Tecnologias Utilizadas

  • Python 3.11 / FastAPI
  • PostgreSQL
  • Pandas
  • Docker / Docker Compose
  • Pytest

@wasdutra
Copy link
Copy Markdown

Hi @LuizHenrique31415, thanks for your PR submission! Your implementation has been evaluated and our team will reach out to you regarding the next steps. Below you can find the detailed feedback on your solution.


User Stories

  1. As a user, I want to be able to store a raw data series.

    Good — POST /series correctly persists the series by name and supports upsert (update if exists, insert if new). FastAPI binds the list[float] body correctly from the JSON payload. 👍

    That said, accepting a bare JSON array as the request body is unconventional. Without a Pydantic model wrapping the payload (e.g. {"name": "...", "data": [...]}) you lose automatic input validation, meaningful error messages on bad input, and a documented request schema in the auto-generated OpenAPI docs. Consider introducing a request schema.

  2. As a user, I want to be able to retrieve metrics about the time series.

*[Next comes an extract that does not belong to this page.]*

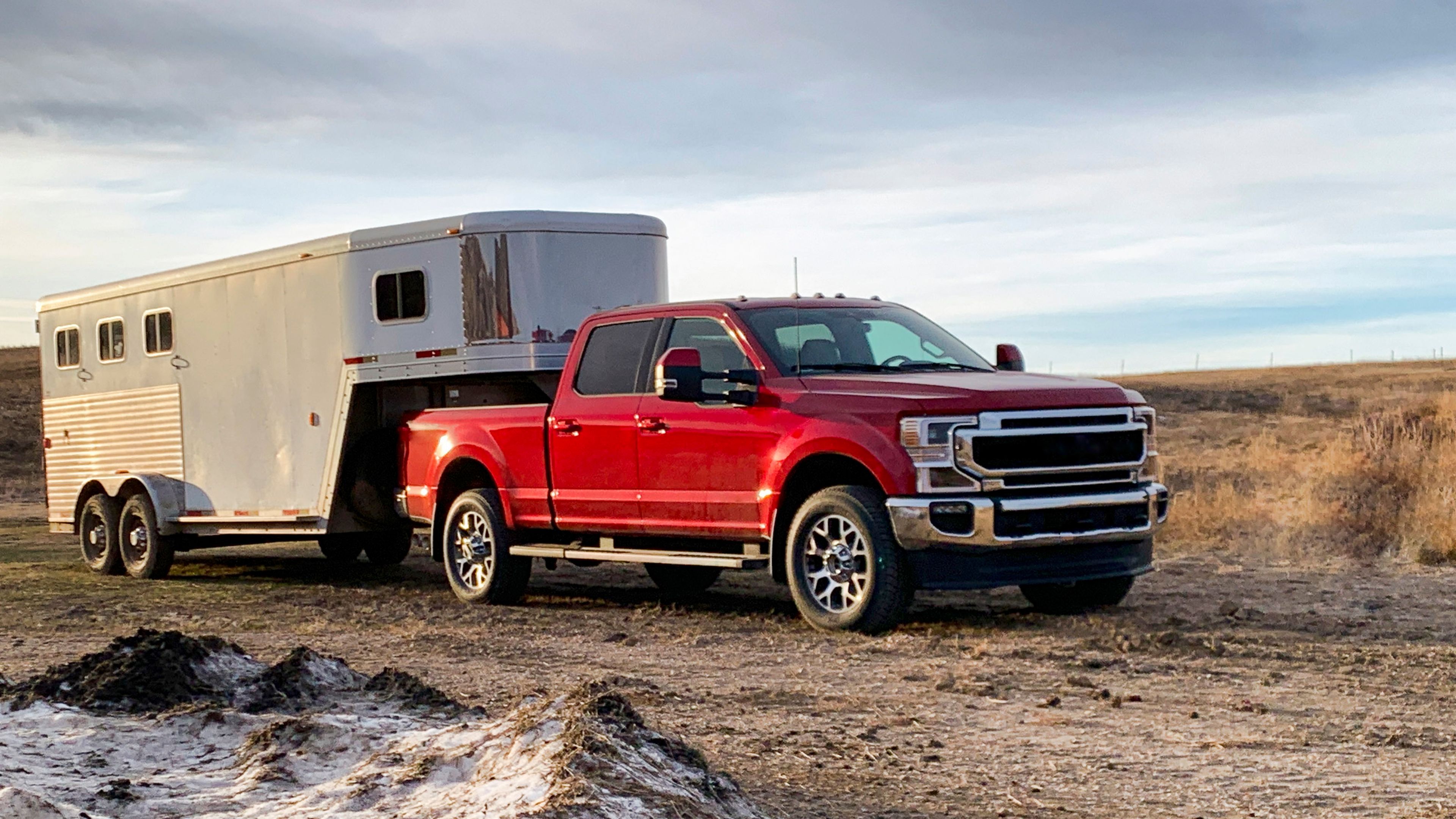 Red pickup truck towing a work trailer through a muddy rural road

    GET /series/{name}/metrics returns mean, max, min, and count — that covers the core requirement. 👍

    Pandas is pulled in as a dependency but only used for four aggregations that Python's standard library (statistics, min(), max(), len()) handles natively. Pandas is a large dependency; either remove it and use builtins, or justify it by doing something that actually needs it (e.g. rolling windows, resampling, FFT).

    The metrics endpoint is keyed by name (GET /series/{name}/metrics) rather than by a stable numeric id. For a frontend integration this is problematic: if a user renames a series (or if names contain spaces or special characters that need URL-encoding), the client loses its reference. A resource identifier should be stable and opaque — the id column already exists on the model and should be exposed. Ideally the API returns the id on POST /series so the client can store it and use GET /series/{id}/metrics for all subsequent requests.

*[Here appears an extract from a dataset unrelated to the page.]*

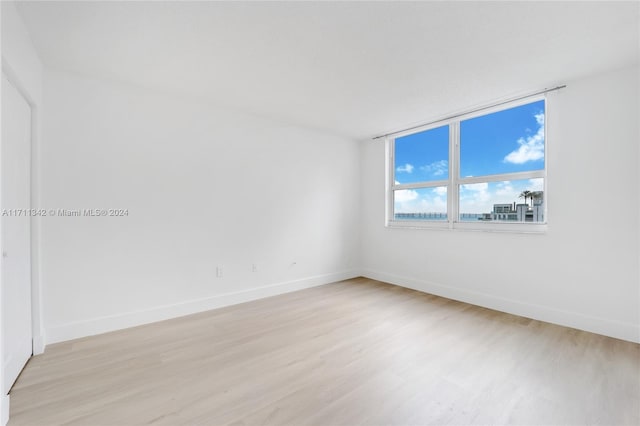 empty room with light hardwood / wood-style floors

  3. As a user, I want to be able to delete a time series I've sent to the server.

    DELETE /series/{name} works correctly and returns a 404 when the series doesn't exist. 👍

  4. As a user, I want to be able to retrieve the number of time series I've stored in the server.

    This endpoint is missing. A simple GET /series/count returning db.query(TimeSeriesModel).count() would satisfy it.

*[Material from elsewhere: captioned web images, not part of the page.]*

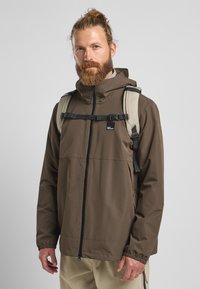 Bruine waterdichte jas met een ritssluiting aan de voorkant, elastische manchetten en een verstelbare capuchon. Gekozen in combinatie met een beige rugzak met een borstriem.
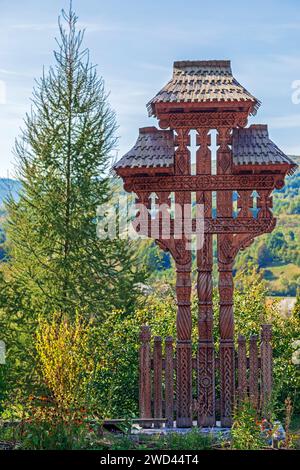 Croce decorativa in legno intagliata con motivi tradizionali rumeni, specifica per l'area Maramures, il monastero di Barsana, Romania. Foto Stock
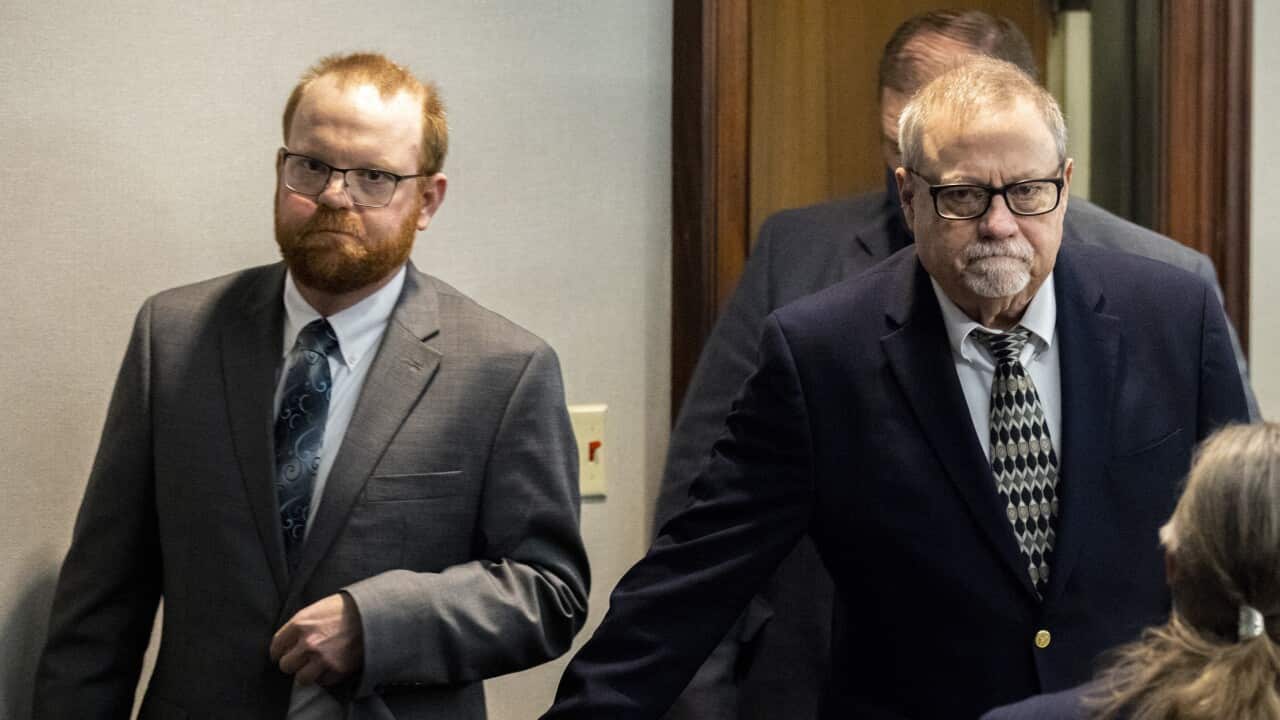 Two men in suits entering a courtroom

  5. As a user, I want to be able to retrieve a full time series I've stored.

    This endpoint is also missing. There is no route that returns the raw stored data for a given series name — you'd need something like GET /series/{name} returning the data field.


Technical Requirements

  1. Use Python.

    Yes. 👍

  2. Use a REST-API framework (e.g., FastAPI).

    FastAPI is used correctly for routing. 👍

    As noted in Story 1, the absence of Pydantic request/response schemas means the API's contract is implicit and undocumented. Adding schemas is a small effort with a large payoff in clarity and safety.

  3. The latency between client and the server side must be below 350ms in all requests.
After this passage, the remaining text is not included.